Minimize the number of root signature slots or descriptor sets to only what will be used by a shader.
Try to find a balance between root signature or descriptor set reuse across shaders.
For multiple constant buffers that do not change between draws, consider packing all constant buffer views into one descriptor table.
For multiple Unordered Access Views (UAVs) and Shader Resource Views (SRVs) that do not span a consecutive range of registers and do not change between draws, it is best to pack them into a descriptor table.
Minimize descriptor heap changes. Changing descriptor heaps severely stalls the graphics pipeline. Ideally, all resources will have views appropriated out of one descriptor heap.
Avoid generic root signature definitions where unnecessary descriptors are defined and not leveraged.
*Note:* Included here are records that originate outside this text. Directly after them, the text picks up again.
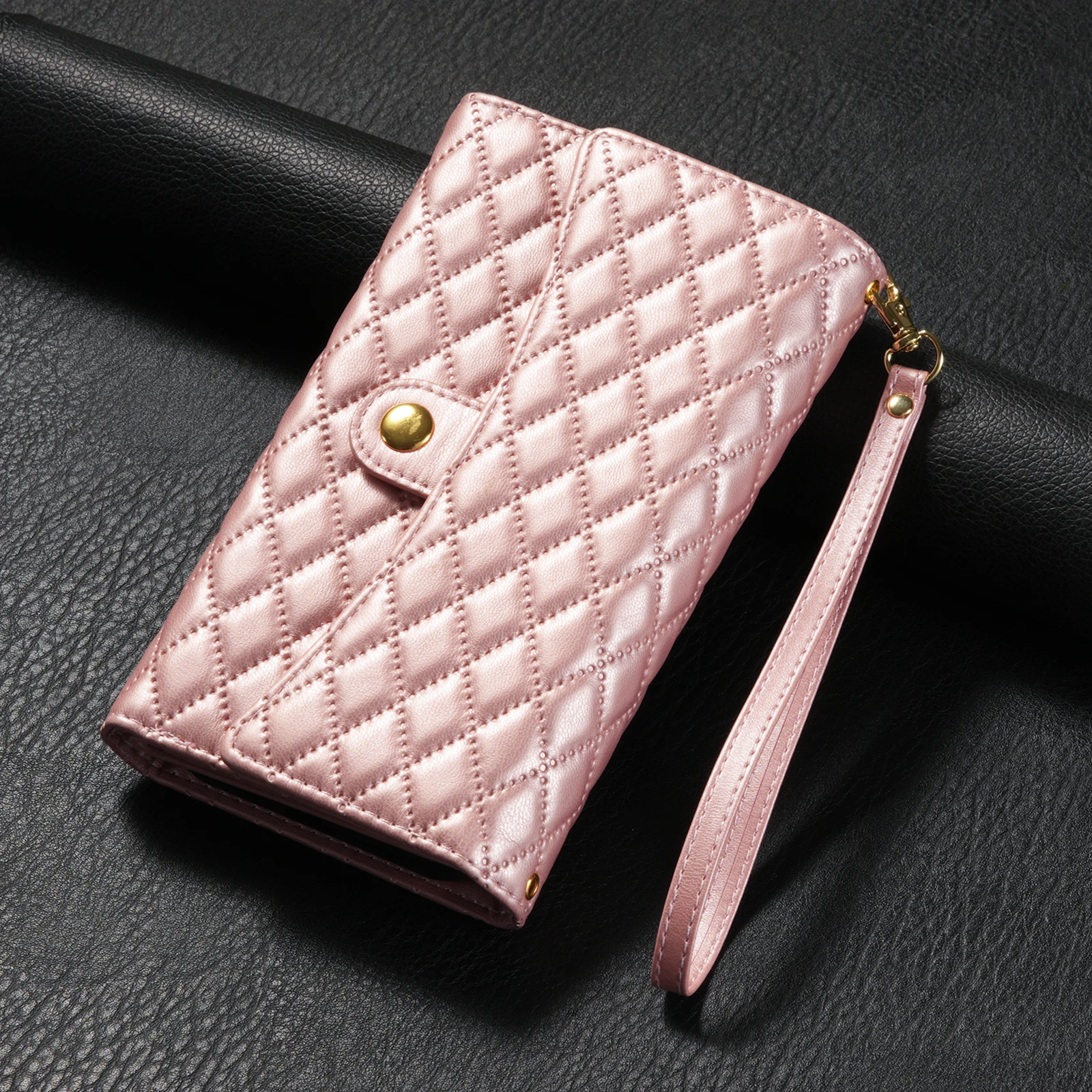 

Leather Multiple Card Holder Crossbody Lanyard Phone Case for iPhone 15 14 13 12 11 7 8 Xr Xs Pro Max Plus Luxury Cover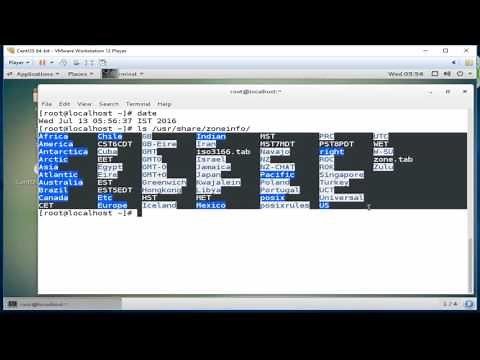 how to Change Time Zone from Command line on linux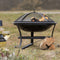 RedFire – Atlanta – Zwart - Staal – Vuurschaal – Fireplace– Stevig staal – Diameter 51cm - Terrasverwarming – Sfeerhaard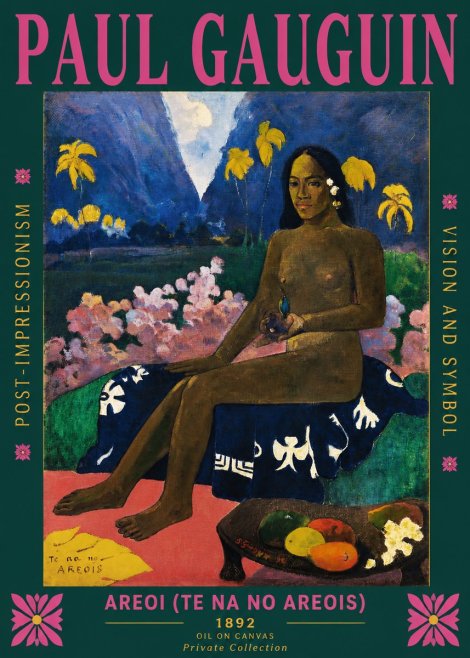 Paul Gauguin Te Na No Areois (the Seed of the Areoi) No6 - Poster
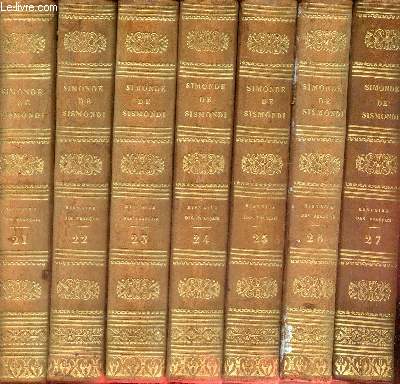 Histoire des franais - Tome 21+22+23+24+25+26+27+28+29+30+31 (11 volumes).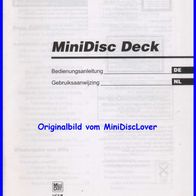 Sony MDS-S50 Bedienungsanleitung Manual MiniDisc Deck Player Recorder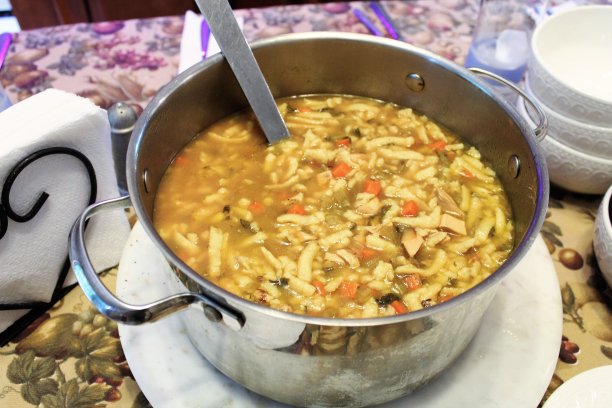 免版费照片-网站、博客或菜单的最佳食品艺术背景-奇妙的锅母亲的美味鸡肉浓汤温暖一个家庭在寒冷的冬天-鸡汤的灵魂-非常好的汤背景-迷人的食物图片图片下载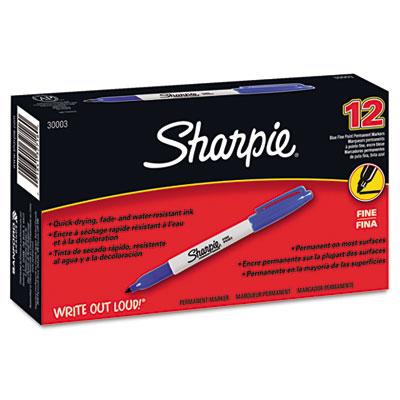 Sanford Ink Company Sharpie Fine Point Permanent Markers 30003 12.0 Each-MDL-SAN30003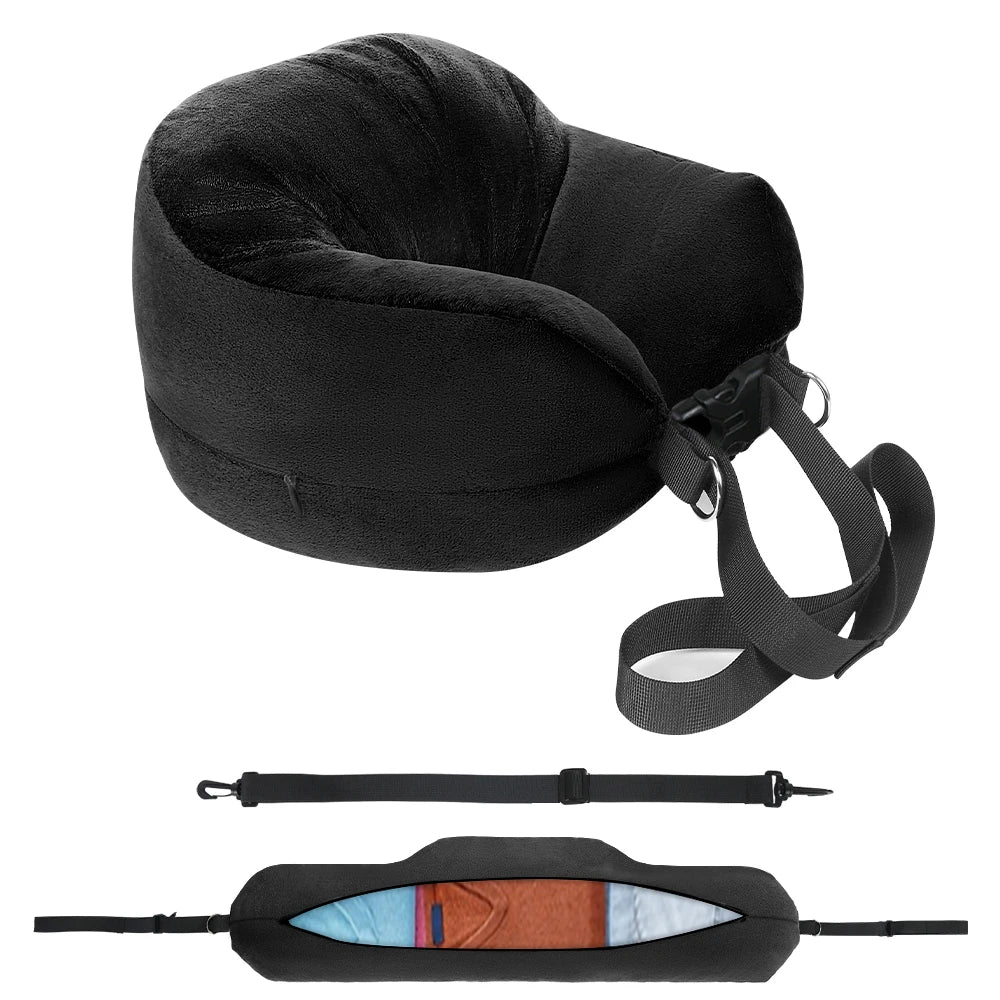 Neck Pillow w/Fillable Clothing U-Shaped Pillowcase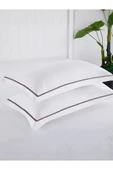 Güpür Detaylı Çift Kişilik Beyaz Çarşaf 2 Yastık Kılıfı 240x260cm - 3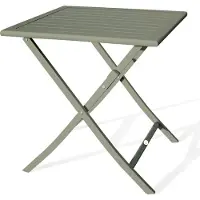 Dcb Garden Table de jardin pliante carré de couleur vert pour 2 personnes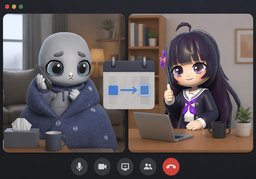 我不太舒服のイラスト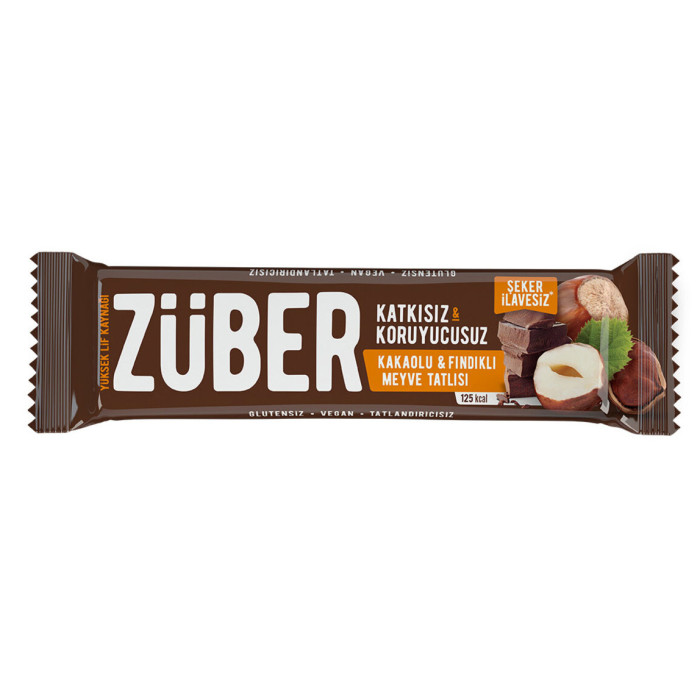Zuber Hazelnut Chocolate Fruit Bar (40 gr 1.4oz)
Instead, optimize root signature definitions to the minimal set of descriptor tables needed.
Vulkan: When creating a Descriptor Set, using the BindAfterFlag bit beware that Xᵉ-LP only supports 1M Descriptors. Only Create needed descriptors (when porting from DX12, remember that D3D12_DESCRIPTOR_HEAP_TYPE_CBV_SRV_UAV maps to 7 Vulkan types [ VK_DESCRIPTOR_TYPE_SAMPLED_IMAGE, *_STORAGE_IMAGE,* _UNIFORM_TEXEL_BUFFER,*_STORAGE_TEXEL_BUFFER, *_UNIFORM_BUFFER, *_STORAGE_BUFFER])
Favor root constants over root descriptors, and favor root descriptors over descriptor tables when working with constants.
Make use of root/push constants to enable fast access to constant buffer data (they are pre-loaded into registers).
Root/push constants are great to use on frequently changing constant buffer data.
Use root/push constants for cases where the constants are changing at a high frequency.
If certain Root Signature slots are less frequently used (not referenced by a PSO), put those at the end of the root signature to reduce GRF usage
Be sure to use hints that allow the driver to perform constant-based optimizations, such as D3D12_DESCRIPTOR_RANGE_FLAG_DATA_STATIC.
For placed resources, initialize with a clear, copy, or discard before rendering to the resource. This helps enable proper compression by putting the placed resource into a valid state.
When creating resource heaps, resources that need to be accessed by the GPU should be placed in heaps that are declared as resident in GPU memory, preferably exclusively. This has a significant impact on discrete GPU performance.
Use queries to identify scenarios when GPU local memory gets oversubscribed and adjust resource location to accommodate this.